Spontaneous Problem Solving (OM Program Guide, Pages 26-28)

  • Remember that the team needs to set aside time to practice spontaneous. The clue to scoring well in spontaneous is practice, practice, and practice. Do not let spontaneous take a backseat to long-term.
  • Spontaneous practice sessions are a good place to use a co-coach.
  • Make sure the team is familiar with all types of spontaneous problems:
    1. Verbal
    2. Hands-on
    3. Verbal/hands-on
  • Include all team members in spontaneous practice even though only five can participate in the competition.
  • After practicing a spontaneous problem, give the team time to discuss its solutions. In the case of a hands-on or combination verbal/hands-on problem, the team might want to try solving the problem again.
  • Have the team develop a strategy on how they will select the spontaneous participants after the problem type is announced. The team should also decide if the non-participating teams members will remain in the room or leave.
  • Stress the importance of absolute secrecy regarding the spontaneous problem.
  • Books of practice problems can be obtained from Creative Competitions, Inc., and sample problems can be found in the OM Program Guide, Appendix.
  • During practice, setting up hands-on and verbal/hands-on problems requires extra effort, so set up several problems at a time.
  • Teams should also discuss and practice what to do if they get “stuck” or distracted during spontaneous.

Preparation for Tournament Day

  • On tournament day the coach needs to spend time with the team, and not on fixing last-minute problems.
  • Enlist help from the parents.
  • Make sure the parents know the location of the competition site and the team’s performance schedule.
  • Make a check list of things that the team needs (OM Program Guide, pages 29-30):
    1. Props
    2. Repair kit
    3. Forms, including clarifications (OM Program Guide, Appendix)
    4. Snacks
    5. Activities to keep them occupied as they wait to perform.

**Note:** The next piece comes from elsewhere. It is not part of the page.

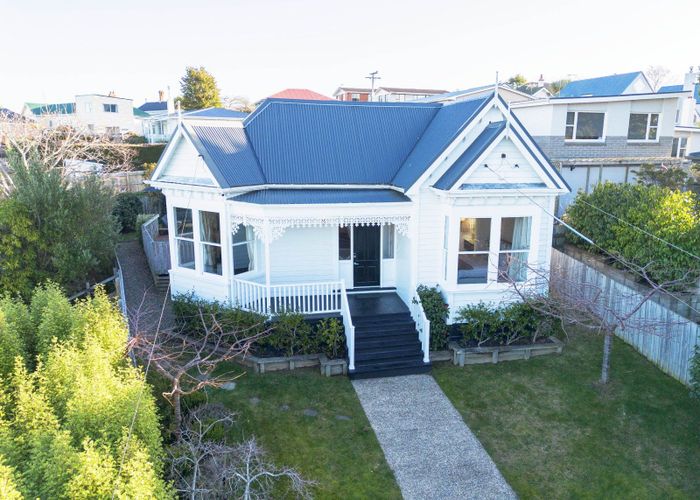  at 8 Leven Street, Roslyn, Dunedin, Otago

It never hurts to rehearse one more time!
  • Get parents to take care of transporting the props. Provide instructions on where and when to meet the team.
  • Visit the problem site with the team early to become familiar with the layout of the site and the location of entrances, exits, and the Staging Area. The team needs to make any changes to their plan caused by the site setup well before their performance time.
  • Unpack and check all props before you go to the competition site.
  • Get to the long-term competition site at least 20 minutes early, unless your tournament has different rules.
  • Have parents assigned to take care of props after the competition.
  • Get to the spontaneous site early enough so the team members can have some quiet time before they enter. Know how long it takes your team to warm up before starting spontaneous and what activity is needed to warm them up.